1. Most Catholic moral theologians would agree in general with the criticisms of classical moral theology outlined above. Yet many faithful Catholic moralists, finding no better framework, continue to use this unsatisfactory one. Since Vatican II, many others have set aside the purposes and methods of classical moral theology. Few of them, however, really begin to meet the Council’s prescription for renewal.
2. Some claim that the resolution of moral issues is a work of human wisdom which can proceed without reference to faith.23 For them, the normative part of moral theology is simply ethics. Thus much recent work in moral theology is neither centered on Christ, nor tied to other central truths of faith, nor nourished by Scripture, nor oriented toward the heavenly calling of Christians.24
3. This work can be called “theology” only because those who do it hold positions as theologians and pay particular attention to the Church’s teaching. They invoke its support when they agree with it, while criticizing it and urging the faithful to ignore it when they disagree.
4. The renewal for which Vatican II calls began even before the Council. Some who then participated in the work of renewal still seek to emphasize Christ, scriptural themes, and some other theological dimensions which most current moral theology ignores. But not even these theologians succeed in clarifying the relationship between the theological dimensions they discuss and the special subject matter of moral theology—namely, human acts, their norms, and the shaping of Christian life to its heavenly-and-earthly end. In many cases their conclusions on specific issues are the same as those of theologians who frankly engage in moral reflection without reference to faith.25
5. Many recent works in moral theology emphasize the importance of human fulfillment and the well-being of society. This is in line with Vatican II’s emphasis on the obligation of Christians “to bring forth fruit in charity for the life of the world” (OT 16). As it finds expression in these theological works, however, this emphasis is often flawed by the influence of secular humanism.26 Under Marxist influence, for example, certain liberation theologians have developed a rationale for revolutionary violence, although such violence is hard to reconcile with the gospel.27 In wealthy, liberal societies like the United States and West Germany, some theologians dissent from the Church’s teaching and opt for solutions to personal and social problems involving sexuality and killing which were first proposed by nonbelieving thinkers.
6. One reason for this state of affairs lies in the fact that most contemporary moral theologians were trained in classical moral theology and retain its legalistic orientation.
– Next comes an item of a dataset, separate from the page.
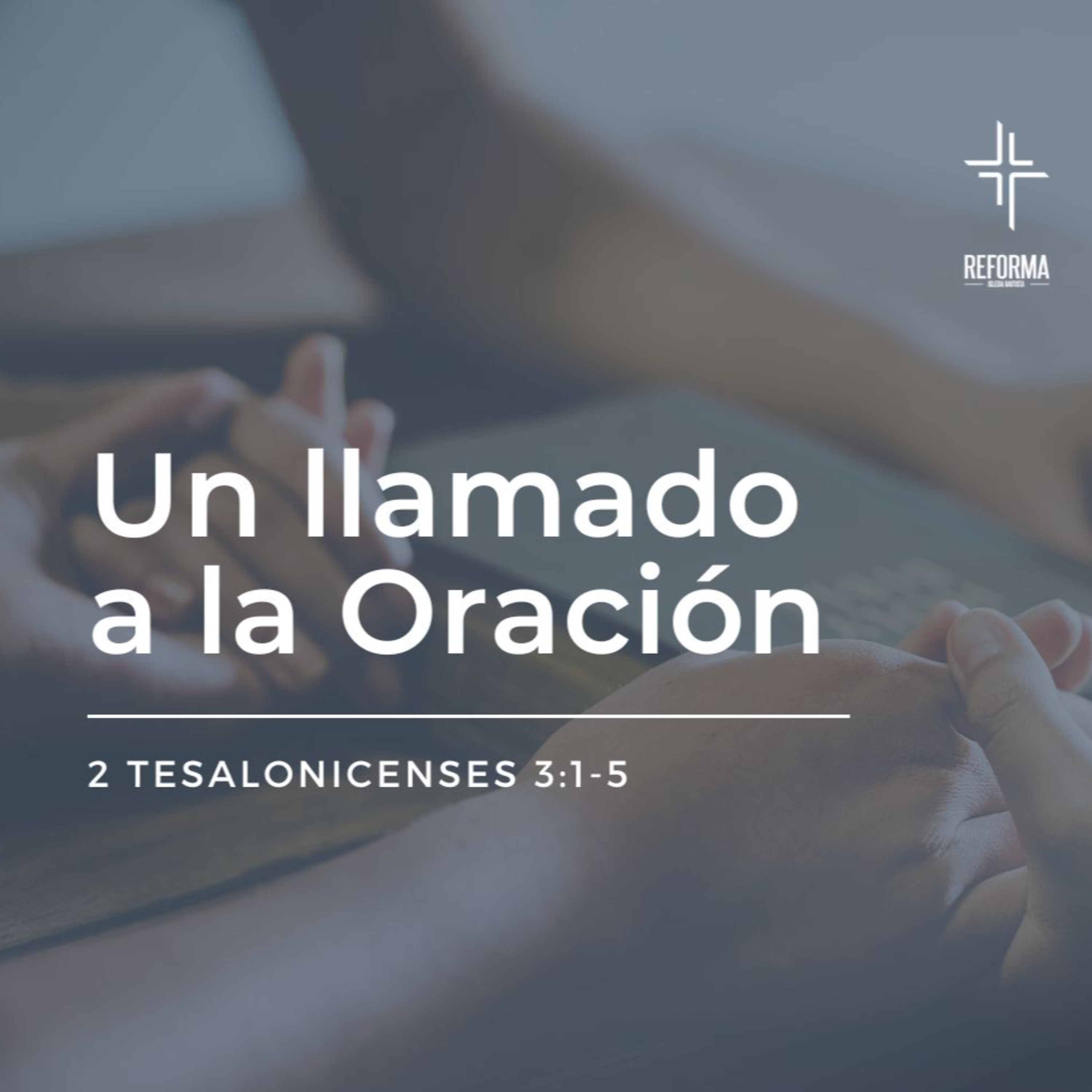 Un llamado a la Oración - 2 Tesalonicenses 3:1-5 episode artwork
They assume that what is not absolutely and certainly forbidden must be permitted and that the faithful are free to do as they please in its regard. Much effort is spent trying to lessen the obligations of Christian life—for example, attempting to show that certain kinds of acts cannot be proved to be always wrong. Doing as one pleases is then called “following one’s conscience.”
7. Insofar as the requirement to assent to Catholic teaching is denied, the minimum set by the new moral theology is much lower than that set by classical moral theology. But the new remains as legalistic as the old.28 It provides no account in Christian terms of why one should seek human fulfillment in this life, what the specifically Christian way of life is, and how living as a Christian in this life is intrinsically related to fulfillment in everlasting life.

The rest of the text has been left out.